> _EXERCISE PROMPT_: Work through the listing below and count the lines that hold "dark". Answer with the number alone.

> _DATA SECTION_:
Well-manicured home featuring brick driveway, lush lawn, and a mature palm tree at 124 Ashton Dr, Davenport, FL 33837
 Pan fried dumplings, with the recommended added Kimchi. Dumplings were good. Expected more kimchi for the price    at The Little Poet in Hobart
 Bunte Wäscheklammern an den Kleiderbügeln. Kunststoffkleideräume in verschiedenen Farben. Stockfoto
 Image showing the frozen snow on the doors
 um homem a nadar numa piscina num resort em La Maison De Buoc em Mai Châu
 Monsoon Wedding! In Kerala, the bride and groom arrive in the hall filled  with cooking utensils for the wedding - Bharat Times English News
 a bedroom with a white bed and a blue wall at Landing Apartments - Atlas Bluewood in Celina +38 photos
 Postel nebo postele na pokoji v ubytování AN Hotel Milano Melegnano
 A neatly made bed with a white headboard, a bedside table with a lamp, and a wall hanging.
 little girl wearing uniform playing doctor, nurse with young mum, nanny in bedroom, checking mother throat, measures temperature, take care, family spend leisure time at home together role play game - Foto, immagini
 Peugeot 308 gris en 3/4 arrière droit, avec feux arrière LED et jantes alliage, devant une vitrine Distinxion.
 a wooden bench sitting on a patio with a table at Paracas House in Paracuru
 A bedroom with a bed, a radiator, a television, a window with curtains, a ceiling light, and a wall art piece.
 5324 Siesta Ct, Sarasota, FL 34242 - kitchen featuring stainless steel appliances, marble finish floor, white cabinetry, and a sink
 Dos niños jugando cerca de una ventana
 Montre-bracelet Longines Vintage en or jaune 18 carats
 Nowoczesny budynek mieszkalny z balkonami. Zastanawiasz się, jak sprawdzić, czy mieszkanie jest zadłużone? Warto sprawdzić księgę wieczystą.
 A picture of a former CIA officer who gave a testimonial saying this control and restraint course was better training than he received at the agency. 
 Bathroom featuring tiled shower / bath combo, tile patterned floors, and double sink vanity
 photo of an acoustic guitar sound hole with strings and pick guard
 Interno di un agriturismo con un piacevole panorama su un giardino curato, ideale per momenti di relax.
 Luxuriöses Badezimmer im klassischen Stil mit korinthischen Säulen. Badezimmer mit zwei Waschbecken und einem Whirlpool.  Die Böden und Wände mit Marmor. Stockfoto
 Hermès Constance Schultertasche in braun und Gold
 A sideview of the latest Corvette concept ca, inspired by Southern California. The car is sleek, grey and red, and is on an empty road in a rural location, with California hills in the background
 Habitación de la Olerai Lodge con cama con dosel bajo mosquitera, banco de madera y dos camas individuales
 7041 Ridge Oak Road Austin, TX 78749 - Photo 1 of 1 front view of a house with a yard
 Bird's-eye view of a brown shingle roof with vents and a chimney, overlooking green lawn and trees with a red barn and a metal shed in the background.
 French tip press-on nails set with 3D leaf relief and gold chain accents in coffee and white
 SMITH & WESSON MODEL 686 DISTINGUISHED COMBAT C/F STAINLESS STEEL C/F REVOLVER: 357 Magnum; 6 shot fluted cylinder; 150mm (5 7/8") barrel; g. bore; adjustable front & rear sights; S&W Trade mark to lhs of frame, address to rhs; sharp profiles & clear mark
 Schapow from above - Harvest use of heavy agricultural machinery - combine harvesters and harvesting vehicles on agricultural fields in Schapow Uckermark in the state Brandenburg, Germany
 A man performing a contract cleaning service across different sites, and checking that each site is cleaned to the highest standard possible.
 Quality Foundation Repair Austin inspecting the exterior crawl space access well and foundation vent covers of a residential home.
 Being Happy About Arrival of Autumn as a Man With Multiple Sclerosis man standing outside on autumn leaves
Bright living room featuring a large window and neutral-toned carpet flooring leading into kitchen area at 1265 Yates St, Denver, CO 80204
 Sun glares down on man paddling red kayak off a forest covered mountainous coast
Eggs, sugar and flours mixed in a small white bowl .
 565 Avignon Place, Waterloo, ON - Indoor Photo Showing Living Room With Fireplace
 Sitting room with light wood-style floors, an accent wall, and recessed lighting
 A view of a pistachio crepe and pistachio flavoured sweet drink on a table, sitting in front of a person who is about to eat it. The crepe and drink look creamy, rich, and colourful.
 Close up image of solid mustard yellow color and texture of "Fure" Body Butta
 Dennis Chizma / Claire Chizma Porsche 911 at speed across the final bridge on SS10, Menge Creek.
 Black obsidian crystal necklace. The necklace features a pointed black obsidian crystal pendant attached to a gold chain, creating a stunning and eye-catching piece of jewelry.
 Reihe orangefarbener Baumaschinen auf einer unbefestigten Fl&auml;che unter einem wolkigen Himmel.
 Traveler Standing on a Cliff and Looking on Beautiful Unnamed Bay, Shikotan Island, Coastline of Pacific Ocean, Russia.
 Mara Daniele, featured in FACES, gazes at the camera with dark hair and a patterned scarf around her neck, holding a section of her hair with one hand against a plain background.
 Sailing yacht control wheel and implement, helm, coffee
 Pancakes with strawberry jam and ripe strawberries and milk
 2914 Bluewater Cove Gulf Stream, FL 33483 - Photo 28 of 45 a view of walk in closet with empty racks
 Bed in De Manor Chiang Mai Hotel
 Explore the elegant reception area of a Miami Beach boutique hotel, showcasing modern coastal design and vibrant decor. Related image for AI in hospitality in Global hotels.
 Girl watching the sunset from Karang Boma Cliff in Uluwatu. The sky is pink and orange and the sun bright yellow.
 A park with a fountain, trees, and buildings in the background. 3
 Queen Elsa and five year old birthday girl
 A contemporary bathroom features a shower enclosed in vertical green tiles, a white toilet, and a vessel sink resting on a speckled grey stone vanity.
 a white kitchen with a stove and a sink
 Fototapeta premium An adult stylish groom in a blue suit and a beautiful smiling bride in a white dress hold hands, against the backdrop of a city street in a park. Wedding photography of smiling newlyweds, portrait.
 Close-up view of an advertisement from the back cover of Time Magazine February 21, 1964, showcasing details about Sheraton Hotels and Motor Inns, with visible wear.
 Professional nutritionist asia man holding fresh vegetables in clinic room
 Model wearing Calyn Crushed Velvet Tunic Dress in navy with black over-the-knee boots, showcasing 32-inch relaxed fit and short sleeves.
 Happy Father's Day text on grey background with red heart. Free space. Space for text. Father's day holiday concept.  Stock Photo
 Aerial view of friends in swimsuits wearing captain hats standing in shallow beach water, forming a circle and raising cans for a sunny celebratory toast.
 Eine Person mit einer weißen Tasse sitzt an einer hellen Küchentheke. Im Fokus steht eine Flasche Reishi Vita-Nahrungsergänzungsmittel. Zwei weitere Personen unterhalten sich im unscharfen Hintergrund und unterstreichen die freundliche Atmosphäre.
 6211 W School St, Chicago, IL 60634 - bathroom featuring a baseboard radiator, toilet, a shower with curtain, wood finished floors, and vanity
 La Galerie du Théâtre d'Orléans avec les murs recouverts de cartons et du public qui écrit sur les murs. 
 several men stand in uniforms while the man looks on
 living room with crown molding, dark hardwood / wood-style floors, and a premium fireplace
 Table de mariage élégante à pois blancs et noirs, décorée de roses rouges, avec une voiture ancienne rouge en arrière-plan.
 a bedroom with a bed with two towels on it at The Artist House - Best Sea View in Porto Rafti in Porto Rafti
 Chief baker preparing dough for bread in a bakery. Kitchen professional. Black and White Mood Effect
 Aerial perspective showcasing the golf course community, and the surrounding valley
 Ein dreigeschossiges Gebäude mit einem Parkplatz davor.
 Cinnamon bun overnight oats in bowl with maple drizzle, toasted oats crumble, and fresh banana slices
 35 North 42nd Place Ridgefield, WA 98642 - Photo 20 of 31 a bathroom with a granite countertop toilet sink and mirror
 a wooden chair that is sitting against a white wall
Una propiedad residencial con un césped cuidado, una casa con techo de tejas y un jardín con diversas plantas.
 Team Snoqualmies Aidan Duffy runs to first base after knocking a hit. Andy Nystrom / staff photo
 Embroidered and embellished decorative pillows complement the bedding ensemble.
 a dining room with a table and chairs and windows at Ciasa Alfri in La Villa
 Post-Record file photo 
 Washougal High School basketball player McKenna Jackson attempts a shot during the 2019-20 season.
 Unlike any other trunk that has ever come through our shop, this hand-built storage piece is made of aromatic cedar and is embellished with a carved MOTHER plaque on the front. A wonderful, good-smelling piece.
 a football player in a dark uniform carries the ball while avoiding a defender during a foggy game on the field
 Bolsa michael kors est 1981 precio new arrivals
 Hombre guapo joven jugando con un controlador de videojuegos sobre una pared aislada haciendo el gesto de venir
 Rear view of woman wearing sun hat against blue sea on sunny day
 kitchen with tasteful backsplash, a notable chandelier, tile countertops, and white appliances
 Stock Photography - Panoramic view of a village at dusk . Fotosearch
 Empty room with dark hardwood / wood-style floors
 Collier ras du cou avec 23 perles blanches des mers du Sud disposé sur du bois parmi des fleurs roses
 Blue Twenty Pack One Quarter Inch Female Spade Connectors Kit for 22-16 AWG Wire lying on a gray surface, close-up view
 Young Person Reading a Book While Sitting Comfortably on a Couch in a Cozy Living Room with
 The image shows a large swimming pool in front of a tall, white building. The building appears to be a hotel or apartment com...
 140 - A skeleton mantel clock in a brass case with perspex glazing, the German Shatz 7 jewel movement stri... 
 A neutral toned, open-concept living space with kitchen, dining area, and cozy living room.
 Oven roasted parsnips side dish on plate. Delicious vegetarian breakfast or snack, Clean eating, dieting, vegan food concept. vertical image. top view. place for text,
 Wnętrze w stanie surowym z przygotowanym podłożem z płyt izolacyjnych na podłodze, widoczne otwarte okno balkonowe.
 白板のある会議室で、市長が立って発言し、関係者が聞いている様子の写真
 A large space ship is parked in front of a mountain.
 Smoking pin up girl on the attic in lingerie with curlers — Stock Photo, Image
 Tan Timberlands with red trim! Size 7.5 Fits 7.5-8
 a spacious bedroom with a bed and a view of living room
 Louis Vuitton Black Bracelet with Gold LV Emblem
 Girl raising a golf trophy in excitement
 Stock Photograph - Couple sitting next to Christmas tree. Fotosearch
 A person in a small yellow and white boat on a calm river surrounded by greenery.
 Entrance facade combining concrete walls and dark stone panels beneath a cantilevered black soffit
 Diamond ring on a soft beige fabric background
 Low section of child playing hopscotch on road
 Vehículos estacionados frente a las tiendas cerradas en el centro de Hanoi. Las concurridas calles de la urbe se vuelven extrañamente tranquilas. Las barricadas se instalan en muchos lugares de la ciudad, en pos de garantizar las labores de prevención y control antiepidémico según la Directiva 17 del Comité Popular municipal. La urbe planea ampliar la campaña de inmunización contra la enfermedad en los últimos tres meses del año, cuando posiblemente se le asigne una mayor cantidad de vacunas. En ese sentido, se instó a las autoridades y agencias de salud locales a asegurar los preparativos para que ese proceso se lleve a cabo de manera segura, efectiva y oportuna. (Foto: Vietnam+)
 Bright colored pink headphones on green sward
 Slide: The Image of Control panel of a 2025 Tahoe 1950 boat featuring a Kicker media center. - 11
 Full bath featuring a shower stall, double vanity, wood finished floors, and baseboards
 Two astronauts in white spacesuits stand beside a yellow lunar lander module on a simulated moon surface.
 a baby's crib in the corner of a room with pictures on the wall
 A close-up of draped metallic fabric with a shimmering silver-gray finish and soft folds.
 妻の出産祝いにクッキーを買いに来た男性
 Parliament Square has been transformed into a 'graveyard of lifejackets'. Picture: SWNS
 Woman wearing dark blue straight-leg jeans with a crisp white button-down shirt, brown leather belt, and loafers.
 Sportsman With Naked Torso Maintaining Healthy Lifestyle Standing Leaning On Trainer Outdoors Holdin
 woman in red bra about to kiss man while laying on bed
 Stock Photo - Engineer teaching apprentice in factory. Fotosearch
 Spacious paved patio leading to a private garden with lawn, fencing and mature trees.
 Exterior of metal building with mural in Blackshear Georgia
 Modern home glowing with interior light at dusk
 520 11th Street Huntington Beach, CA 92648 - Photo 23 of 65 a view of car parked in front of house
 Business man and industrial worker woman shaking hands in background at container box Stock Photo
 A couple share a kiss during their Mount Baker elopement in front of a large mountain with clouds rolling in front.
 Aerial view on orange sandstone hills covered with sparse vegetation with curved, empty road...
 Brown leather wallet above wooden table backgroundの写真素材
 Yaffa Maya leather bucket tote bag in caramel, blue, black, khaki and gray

> _RESPONSE TO THE EXERCISE_: 6